Pandangan Tsunade menyapu seisi ruangan kelas yang riuh. Jantungnya hampir berhenti berdetak saat menemukan sosok atletis Naruto di barisan nomor tiga, yang kini balas menatapnya. Tsunade tersenyum tipis, hal itu membuat Naruto jengkel.
"Mulai hari ini, aku akan mengisi mata pelajaran kesenian menggantikan guru kalian yang sedang cuti hamil. Namaku Tsunade Senju, salam kenal. Kuharap kita bisa bekerja sama dengan baik. Kalau ada yang ingin ditanyakan, silakan. Akan kujawab semampuku." Tsunade tertawa renyah, namun pandangannya masih terpaku pada Naruto.
"Tsunade-sensei sudah punya suami?" tanya Kiba to the point. Seisi kelas menyoraki Kiba yang tak tahu malu.

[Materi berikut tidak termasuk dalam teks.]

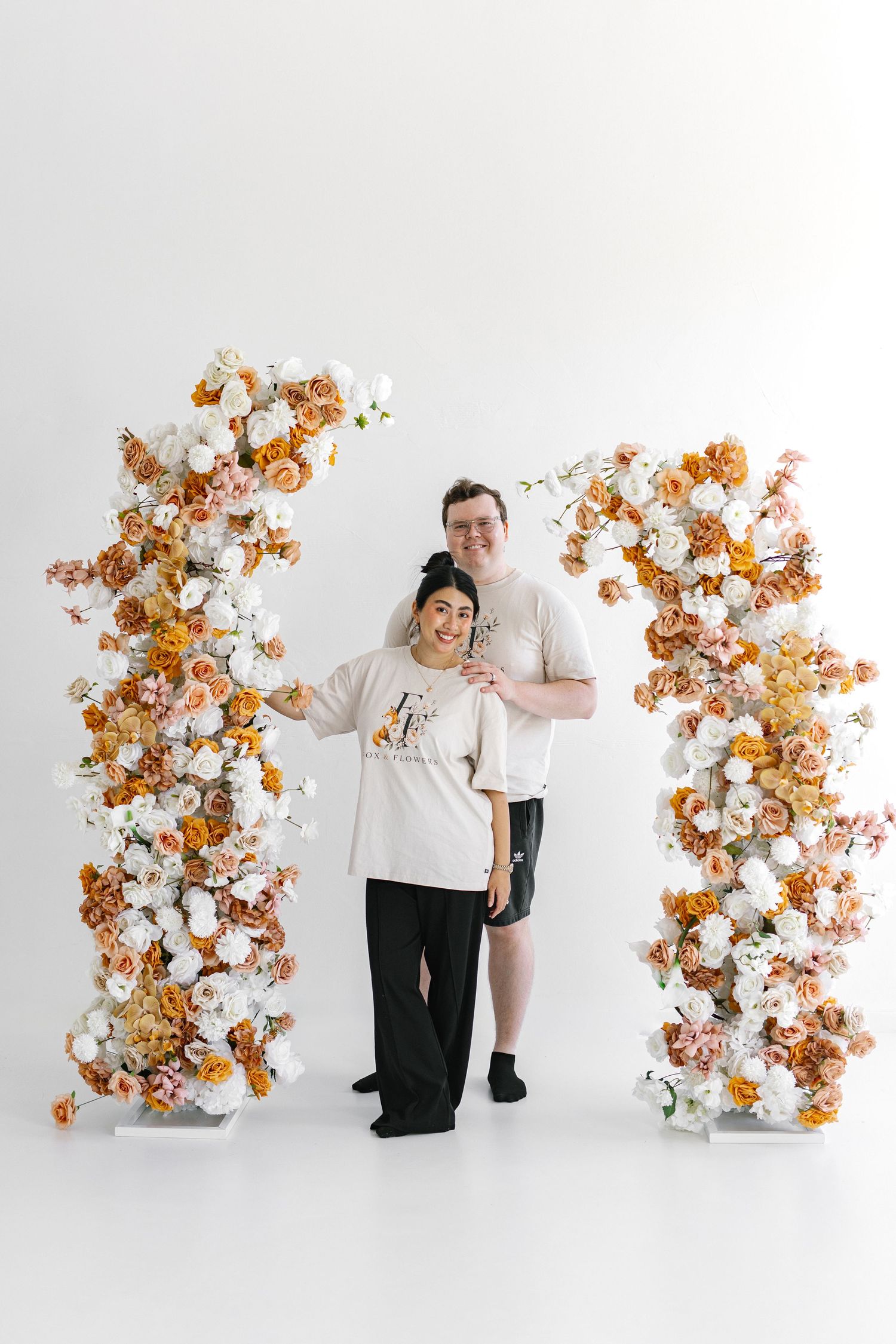 Couple smiling between two tall floral columns with white and orange roses on a white background.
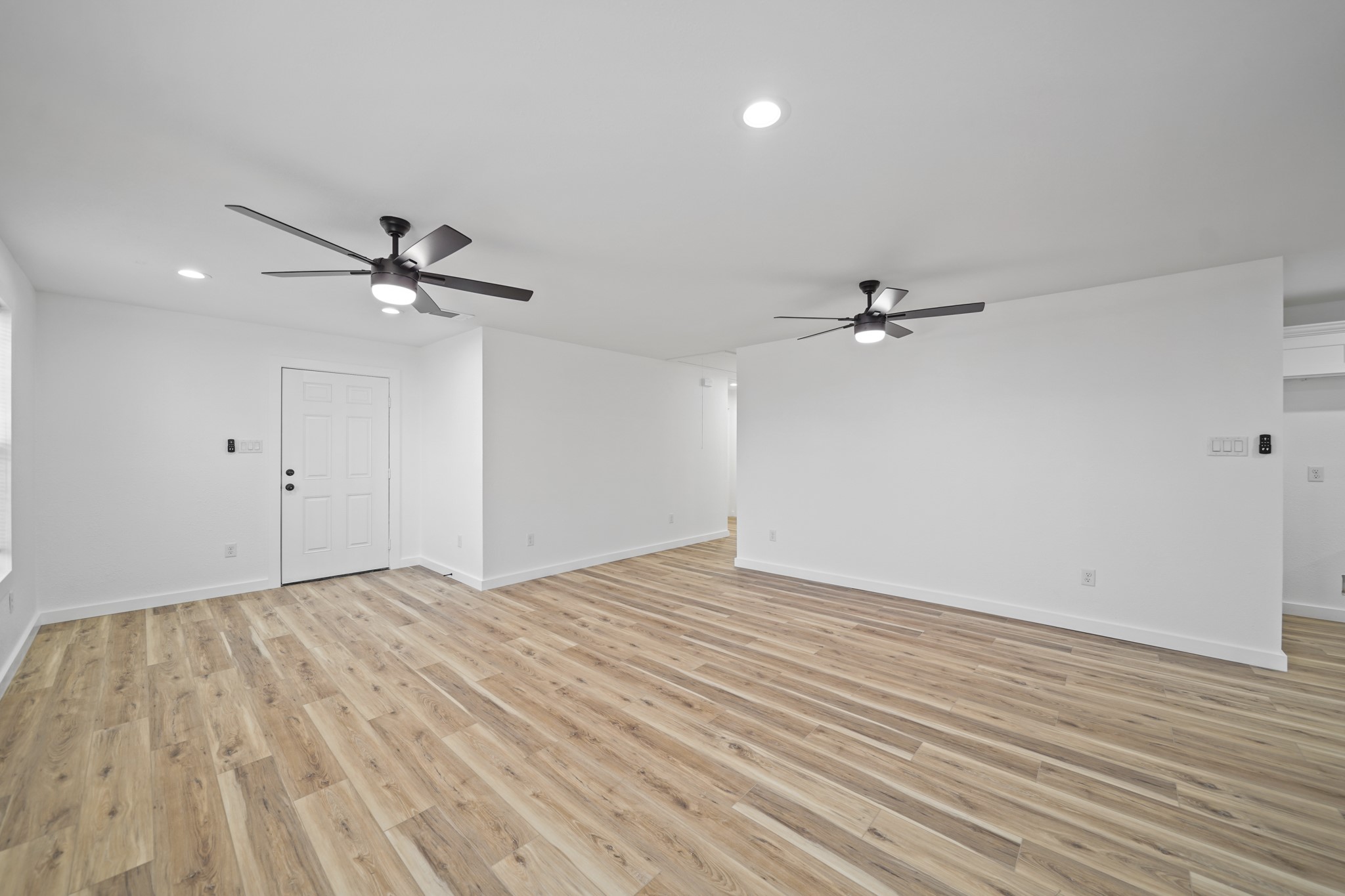 4154 Erby Street Houston, TX 77087 - Photo 24 of 36 a view of empty room with wooden floor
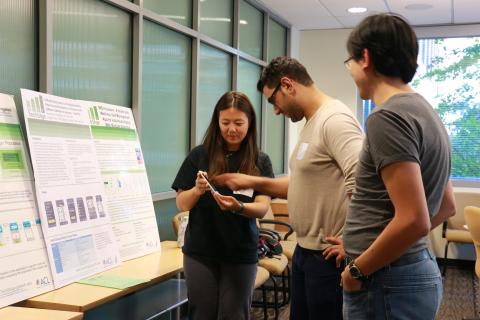 Student explaining her design poster to people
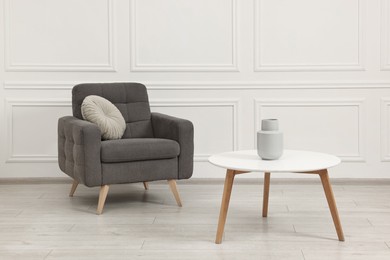 Soft armchair, coffee table and vase in stylish room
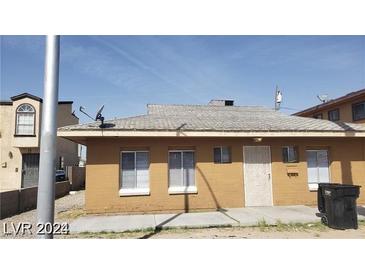 Single-story home featuring a brick facade, windows, and a security door, presenting a simple design at 2417 St George St, North Las Vegas, NV 89030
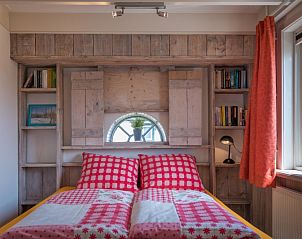 Sfeervolle slaapkamer in Appartement Heem, Den Hoorn, Texel, met gezellige bedden en een raam met uitzicht op de omgeving.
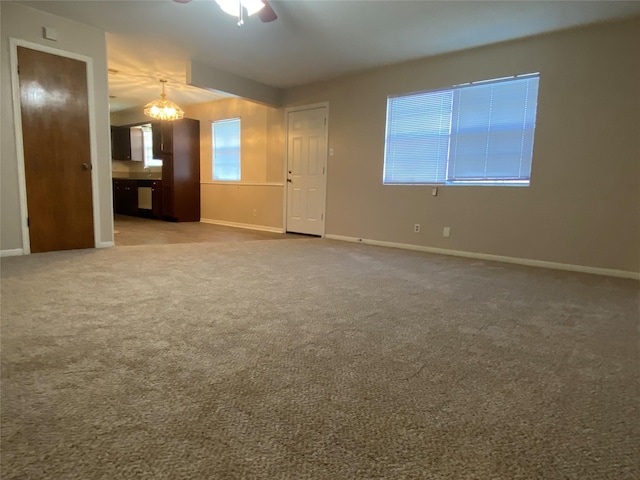 interior space featuring carpet floors and baseboards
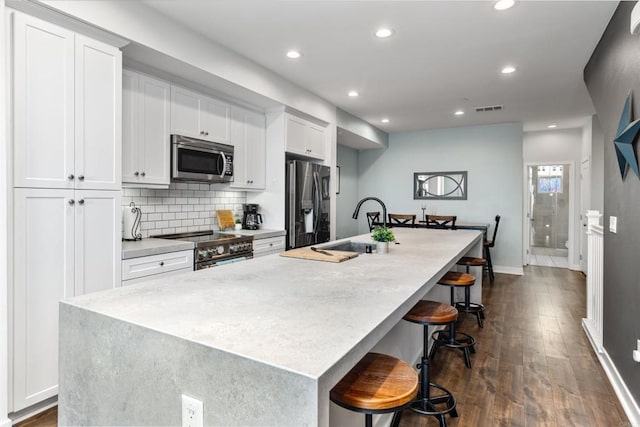 kitchen with a kitchen island with sink, dark wood-type flooring, white cabinetry, a sink, and appliances with stainless steel finishes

"Sayangnya belum. Apa kau ingin menjadi suami masa depanku, anak manis?" Tsunade memberikan kedipan yang membuat Kiba terkapar di mejanya.
"Kulit Tsunade-sensei glowing sekali. Boleh tahu rahasia perawatan dan skincare yang dipakai?" Yamanaka Ino yang tergila-gila dengan make up dan kecantikan mengajukan pertanyaan.
Tsunade tertawa mendengar pertanyaan yang dilontarkan gadis pirang bernama Ino. "Yang jelas, jenis perawatan yang hanya sanggup dilakukan oleh orang dewasa sepertiku. Akan kuberitahu kalau kau sudah dewasa dan punya uang, nona cantik."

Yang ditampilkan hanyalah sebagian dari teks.